Here’s the thing folks- you’re not getting back at The Man here. There’s no justice to be had, you are not Batman; you just basically BS’d an agent’s performance over something that they, almost 95% of the time, had no control over in your situation. Personally, I feel this new trend in weaponizing CSAT’s comes from the “Yelp Generation” where you can basically take a decent cafĂ© and tear it apart over what usually amounts to arbitrary nit picking. That’s why it is often common to see more negative reviews on Yelp than positive ones. Human beings retain negative experiences much more strongly than they do positive experiences. When I conduct hiring interviews one of my favorite questions to ask applicants is, “Tell me about the last really positive customer service experience you had. Where was it and why was it great?” You would think I asked them to calculate a math problem using the quadratic equation. The struggle to get an applicant to TRY and recall a positive experience is unreal.

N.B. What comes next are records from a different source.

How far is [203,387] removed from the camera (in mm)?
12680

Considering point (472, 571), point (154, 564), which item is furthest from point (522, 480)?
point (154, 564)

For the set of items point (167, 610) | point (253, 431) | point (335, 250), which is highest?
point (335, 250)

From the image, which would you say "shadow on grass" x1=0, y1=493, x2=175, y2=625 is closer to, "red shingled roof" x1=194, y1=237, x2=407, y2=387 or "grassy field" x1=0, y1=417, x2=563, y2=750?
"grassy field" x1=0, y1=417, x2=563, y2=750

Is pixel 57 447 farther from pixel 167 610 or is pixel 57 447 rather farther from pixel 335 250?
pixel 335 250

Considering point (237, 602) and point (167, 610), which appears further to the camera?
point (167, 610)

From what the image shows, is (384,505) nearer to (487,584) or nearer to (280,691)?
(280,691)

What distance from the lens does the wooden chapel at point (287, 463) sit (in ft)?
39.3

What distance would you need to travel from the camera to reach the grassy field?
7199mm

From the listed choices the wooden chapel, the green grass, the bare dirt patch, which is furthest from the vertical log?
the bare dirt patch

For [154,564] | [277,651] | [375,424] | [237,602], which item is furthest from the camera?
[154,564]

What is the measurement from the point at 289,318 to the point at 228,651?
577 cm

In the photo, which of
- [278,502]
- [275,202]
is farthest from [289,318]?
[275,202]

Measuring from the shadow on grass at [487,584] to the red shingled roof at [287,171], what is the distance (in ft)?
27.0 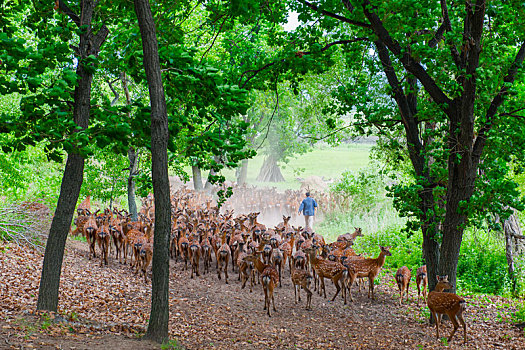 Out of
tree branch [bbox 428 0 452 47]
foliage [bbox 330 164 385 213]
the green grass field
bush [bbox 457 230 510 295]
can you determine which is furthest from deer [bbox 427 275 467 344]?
the green grass field

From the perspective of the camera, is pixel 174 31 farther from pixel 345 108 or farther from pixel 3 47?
pixel 345 108

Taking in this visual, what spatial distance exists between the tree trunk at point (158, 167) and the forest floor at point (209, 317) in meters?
0.45

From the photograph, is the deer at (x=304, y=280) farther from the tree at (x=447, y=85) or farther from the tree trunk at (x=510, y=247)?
the tree trunk at (x=510, y=247)

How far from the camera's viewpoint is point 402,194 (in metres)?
8.71

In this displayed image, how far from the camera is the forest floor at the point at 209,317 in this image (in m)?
6.49

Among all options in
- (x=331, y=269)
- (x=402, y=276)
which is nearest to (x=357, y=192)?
(x=402, y=276)

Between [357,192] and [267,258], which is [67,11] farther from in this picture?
[357,192]

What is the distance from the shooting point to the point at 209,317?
8.88m

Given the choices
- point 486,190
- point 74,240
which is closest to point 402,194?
point 486,190

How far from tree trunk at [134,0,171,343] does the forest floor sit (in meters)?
0.45

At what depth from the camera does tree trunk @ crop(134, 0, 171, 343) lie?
242 inches

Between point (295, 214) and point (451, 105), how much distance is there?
61.6ft

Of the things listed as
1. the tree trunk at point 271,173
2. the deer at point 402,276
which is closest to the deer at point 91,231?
the deer at point 402,276

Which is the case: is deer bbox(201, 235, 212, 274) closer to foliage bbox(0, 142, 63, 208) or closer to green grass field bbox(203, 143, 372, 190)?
foliage bbox(0, 142, 63, 208) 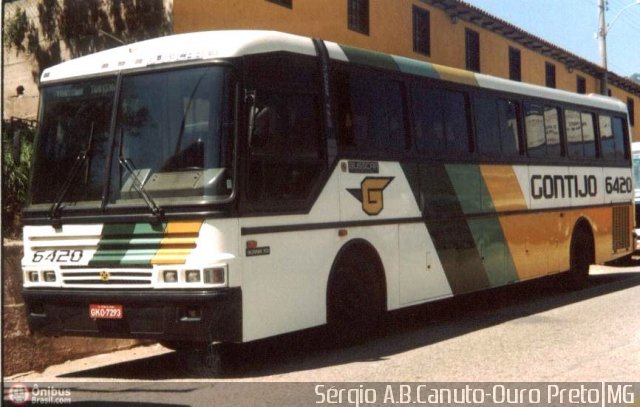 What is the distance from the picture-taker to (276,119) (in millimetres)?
8047

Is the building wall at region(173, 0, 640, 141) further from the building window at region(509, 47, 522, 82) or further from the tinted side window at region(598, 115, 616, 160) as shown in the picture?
the tinted side window at region(598, 115, 616, 160)

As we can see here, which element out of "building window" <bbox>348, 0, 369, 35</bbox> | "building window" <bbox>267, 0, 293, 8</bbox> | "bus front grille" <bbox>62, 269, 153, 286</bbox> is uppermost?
"building window" <bbox>348, 0, 369, 35</bbox>

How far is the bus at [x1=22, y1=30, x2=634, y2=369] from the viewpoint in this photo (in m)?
7.50

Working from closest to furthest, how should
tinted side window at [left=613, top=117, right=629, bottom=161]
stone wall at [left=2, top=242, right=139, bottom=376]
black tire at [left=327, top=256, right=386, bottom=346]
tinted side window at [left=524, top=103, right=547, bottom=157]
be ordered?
stone wall at [left=2, top=242, right=139, bottom=376]
black tire at [left=327, top=256, right=386, bottom=346]
tinted side window at [left=524, top=103, right=547, bottom=157]
tinted side window at [left=613, top=117, right=629, bottom=161]

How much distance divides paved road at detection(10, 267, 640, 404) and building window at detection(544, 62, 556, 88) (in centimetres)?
2174

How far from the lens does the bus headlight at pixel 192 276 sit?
7.37 metres

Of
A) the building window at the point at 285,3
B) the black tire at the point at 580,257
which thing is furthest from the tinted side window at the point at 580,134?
the building window at the point at 285,3

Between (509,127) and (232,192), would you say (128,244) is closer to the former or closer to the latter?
(232,192)

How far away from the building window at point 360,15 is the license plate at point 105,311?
13.6 meters

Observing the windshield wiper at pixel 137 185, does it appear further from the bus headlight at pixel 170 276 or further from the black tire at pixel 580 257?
the black tire at pixel 580 257

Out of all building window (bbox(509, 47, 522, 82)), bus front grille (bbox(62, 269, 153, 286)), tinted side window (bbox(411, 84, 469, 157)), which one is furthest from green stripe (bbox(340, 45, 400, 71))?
building window (bbox(509, 47, 522, 82))

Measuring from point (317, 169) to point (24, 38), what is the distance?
9815 millimetres

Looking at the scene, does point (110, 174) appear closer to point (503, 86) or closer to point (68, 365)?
point (68, 365)

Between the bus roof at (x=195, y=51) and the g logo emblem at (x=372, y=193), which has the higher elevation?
the bus roof at (x=195, y=51) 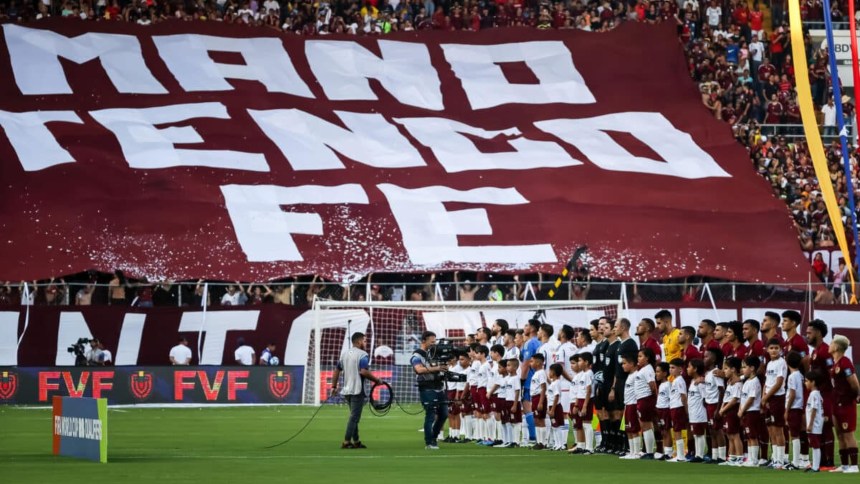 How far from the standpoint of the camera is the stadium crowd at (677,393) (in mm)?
19356

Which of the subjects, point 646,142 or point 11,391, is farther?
point 646,142

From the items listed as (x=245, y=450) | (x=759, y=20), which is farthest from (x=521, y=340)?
(x=759, y=20)

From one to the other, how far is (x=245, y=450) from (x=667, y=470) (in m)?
7.25

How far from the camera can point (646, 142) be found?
47344 mm

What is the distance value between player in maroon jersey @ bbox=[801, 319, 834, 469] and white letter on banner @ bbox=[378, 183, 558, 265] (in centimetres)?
2220

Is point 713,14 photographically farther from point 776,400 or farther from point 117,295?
point 776,400

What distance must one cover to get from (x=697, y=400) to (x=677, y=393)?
0.34m

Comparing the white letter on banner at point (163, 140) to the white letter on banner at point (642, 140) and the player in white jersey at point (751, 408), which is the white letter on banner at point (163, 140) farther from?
the player in white jersey at point (751, 408)

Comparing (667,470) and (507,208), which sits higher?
(507,208)

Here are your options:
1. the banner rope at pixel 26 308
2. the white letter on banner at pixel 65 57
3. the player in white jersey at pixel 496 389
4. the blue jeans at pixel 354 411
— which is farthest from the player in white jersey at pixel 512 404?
the white letter on banner at pixel 65 57

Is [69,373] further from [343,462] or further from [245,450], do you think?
[343,462]

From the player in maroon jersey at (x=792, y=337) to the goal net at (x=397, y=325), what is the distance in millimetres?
15977

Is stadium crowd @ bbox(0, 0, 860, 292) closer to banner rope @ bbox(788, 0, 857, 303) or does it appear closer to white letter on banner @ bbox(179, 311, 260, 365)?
banner rope @ bbox(788, 0, 857, 303)

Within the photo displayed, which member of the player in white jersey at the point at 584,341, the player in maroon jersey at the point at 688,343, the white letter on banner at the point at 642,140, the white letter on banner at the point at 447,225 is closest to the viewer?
the player in maroon jersey at the point at 688,343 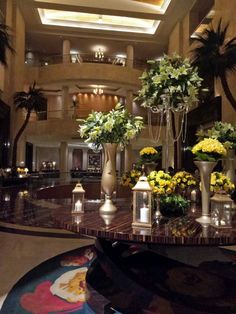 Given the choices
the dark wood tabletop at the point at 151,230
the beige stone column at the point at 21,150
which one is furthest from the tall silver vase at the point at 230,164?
the beige stone column at the point at 21,150

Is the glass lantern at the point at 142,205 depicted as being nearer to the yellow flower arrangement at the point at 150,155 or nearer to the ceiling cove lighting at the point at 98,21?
the yellow flower arrangement at the point at 150,155

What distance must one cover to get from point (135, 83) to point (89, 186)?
9350mm

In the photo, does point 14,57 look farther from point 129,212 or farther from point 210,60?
point 129,212

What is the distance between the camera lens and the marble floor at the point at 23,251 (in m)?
3.28

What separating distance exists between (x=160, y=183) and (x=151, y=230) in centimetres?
48

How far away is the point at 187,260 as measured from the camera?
10.2 ft

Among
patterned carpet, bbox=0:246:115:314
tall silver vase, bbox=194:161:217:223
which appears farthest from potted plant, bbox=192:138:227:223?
patterned carpet, bbox=0:246:115:314

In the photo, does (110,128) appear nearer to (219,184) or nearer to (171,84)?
(171,84)

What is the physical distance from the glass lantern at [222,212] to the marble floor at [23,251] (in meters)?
1.98

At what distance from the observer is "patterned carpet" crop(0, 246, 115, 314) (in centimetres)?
262

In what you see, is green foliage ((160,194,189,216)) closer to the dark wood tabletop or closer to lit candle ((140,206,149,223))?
the dark wood tabletop

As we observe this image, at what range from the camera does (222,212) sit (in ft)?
7.53

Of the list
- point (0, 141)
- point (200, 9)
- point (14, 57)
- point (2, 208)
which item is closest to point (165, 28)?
point (200, 9)

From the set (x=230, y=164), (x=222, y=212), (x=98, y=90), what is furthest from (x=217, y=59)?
(x=98, y=90) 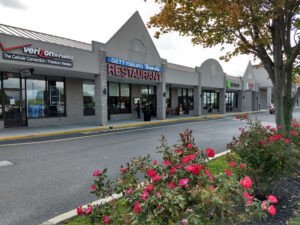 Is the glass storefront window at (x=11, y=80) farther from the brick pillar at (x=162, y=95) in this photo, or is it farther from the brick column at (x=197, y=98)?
the brick column at (x=197, y=98)

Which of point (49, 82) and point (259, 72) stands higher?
point (259, 72)

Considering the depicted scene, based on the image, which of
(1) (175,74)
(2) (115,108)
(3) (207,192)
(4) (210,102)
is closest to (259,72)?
(4) (210,102)

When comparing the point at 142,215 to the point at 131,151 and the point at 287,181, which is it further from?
the point at 131,151

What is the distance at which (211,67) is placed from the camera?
29141mm

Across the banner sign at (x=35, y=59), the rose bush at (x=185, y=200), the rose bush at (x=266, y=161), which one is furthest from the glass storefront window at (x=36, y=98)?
the rose bush at (x=266, y=161)

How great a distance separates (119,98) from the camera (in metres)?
21.5

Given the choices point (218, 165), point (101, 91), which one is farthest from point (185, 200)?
point (101, 91)

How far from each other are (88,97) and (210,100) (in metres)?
21.9

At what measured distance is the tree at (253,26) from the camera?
6.25 meters

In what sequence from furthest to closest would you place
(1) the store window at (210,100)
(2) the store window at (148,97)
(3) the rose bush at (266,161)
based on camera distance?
(1) the store window at (210,100) → (2) the store window at (148,97) → (3) the rose bush at (266,161)

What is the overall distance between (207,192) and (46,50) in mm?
13783

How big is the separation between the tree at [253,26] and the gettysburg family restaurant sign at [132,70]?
878 cm

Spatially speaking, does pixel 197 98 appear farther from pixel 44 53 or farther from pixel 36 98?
pixel 44 53

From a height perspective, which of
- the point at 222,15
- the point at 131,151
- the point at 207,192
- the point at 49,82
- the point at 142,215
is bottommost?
the point at 131,151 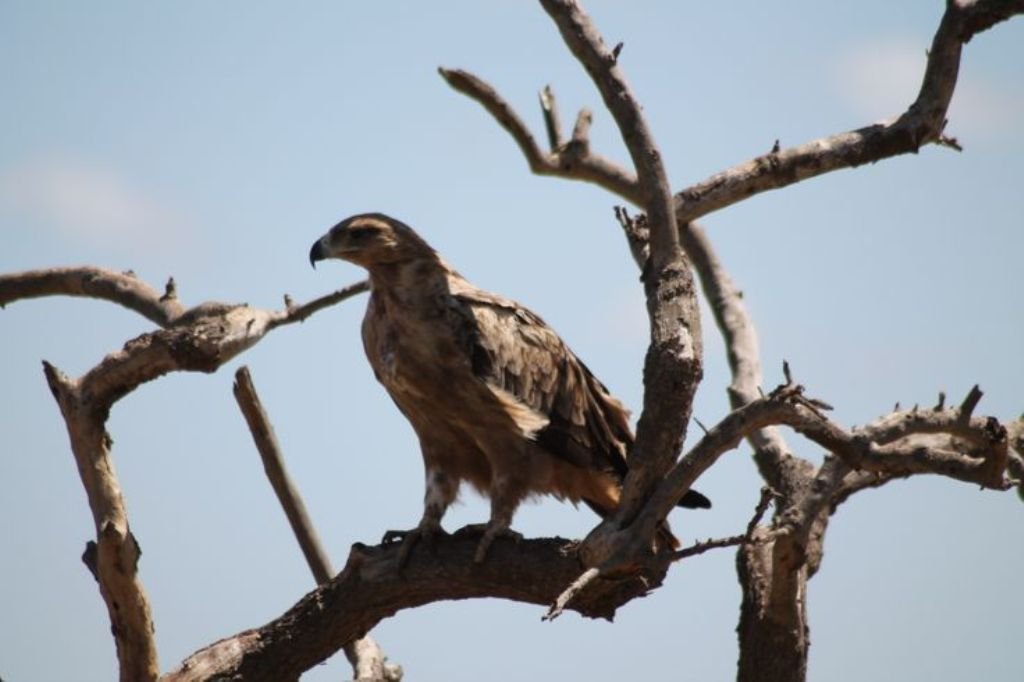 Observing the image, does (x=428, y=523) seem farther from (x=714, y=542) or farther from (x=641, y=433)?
(x=714, y=542)

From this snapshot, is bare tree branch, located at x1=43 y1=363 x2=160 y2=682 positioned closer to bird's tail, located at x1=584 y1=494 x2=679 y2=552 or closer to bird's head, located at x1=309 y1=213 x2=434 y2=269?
bird's head, located at x1=309 y1=213 x2=434 y2=269

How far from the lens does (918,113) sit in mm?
5676

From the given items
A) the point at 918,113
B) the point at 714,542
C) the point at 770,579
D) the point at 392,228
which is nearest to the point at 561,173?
the point at 392,228

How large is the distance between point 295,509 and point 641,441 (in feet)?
11.2

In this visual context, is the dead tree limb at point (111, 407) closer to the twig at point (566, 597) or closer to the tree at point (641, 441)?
the tree at point (641, 441)

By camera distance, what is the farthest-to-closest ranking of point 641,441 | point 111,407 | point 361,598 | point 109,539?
point 111,407 → point 109,539 → point 361,598 → point 641,441

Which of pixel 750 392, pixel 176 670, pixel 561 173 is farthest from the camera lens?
pixel 750 392

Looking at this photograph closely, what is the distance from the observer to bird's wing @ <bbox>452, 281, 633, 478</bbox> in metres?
5.39

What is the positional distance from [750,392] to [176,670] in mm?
3621

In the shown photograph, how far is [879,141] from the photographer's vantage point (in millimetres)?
5629

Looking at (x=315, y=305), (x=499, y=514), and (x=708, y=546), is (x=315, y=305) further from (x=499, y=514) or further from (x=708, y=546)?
(x=708, y=546)

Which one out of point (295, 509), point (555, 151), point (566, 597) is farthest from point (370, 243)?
point (295, 509)

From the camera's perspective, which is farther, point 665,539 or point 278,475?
point 278,475

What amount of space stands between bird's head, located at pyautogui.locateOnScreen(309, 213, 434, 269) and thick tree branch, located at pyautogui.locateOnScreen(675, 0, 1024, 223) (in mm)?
→ 1117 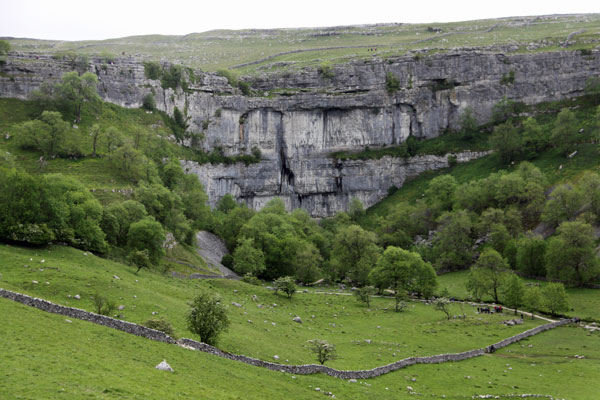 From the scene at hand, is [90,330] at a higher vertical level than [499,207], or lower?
higher

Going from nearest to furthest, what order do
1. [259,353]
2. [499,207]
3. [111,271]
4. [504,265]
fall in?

Anyway, getting back to CSATs… Companies have been trying to combat this behavior in various ways. One company I know changed the scripting to advise the customer “The survey is asking you to rate your experience on the service I provided you today, not your overall experience with the company.” The CSAT also communicates a similar message and requires a customer to both confirm and further elaborate on why they have rated the agent with a paltry 1 out of 5 score. Some companies are reducing the weight of CSATs to be less critical on agent’s scorecards because of the shift in culture. Then there are the companies who have stopped bothering to send out surveys all together because they felt it was a waste of manpower and resources to get inaccurate or ignored responses. I think this is disappointing because CSAT’s are a great way of capturing the prized “Voice of the Customer” that so many companies covet.

At this point, if you’re what I will affectionately call a “CSAT Troll” you’re probably not convinced that what you are doing is wrong. You may feel your right to inflict your vengeance and rage matters more than the agent you probably got dragged into an unnecessary performance coaching meeting. Let me offer you some advice:

  • Most issues are resolved through self-help solutions. If possible, try to research those channels FIRST prior to calling in. I have found that often it saves me more time and it makes me feel better to have resolved an issue on my own.

  • If you have an ongoing issue always attempt to see if you can reach a supervisor. If the agent must arrange a supervisor call back, ask the agent what the estimated turnaround time is. If the supervisor fails to contact you within that timeframe, call back and request immediate escalation due to a broken promise of a call back.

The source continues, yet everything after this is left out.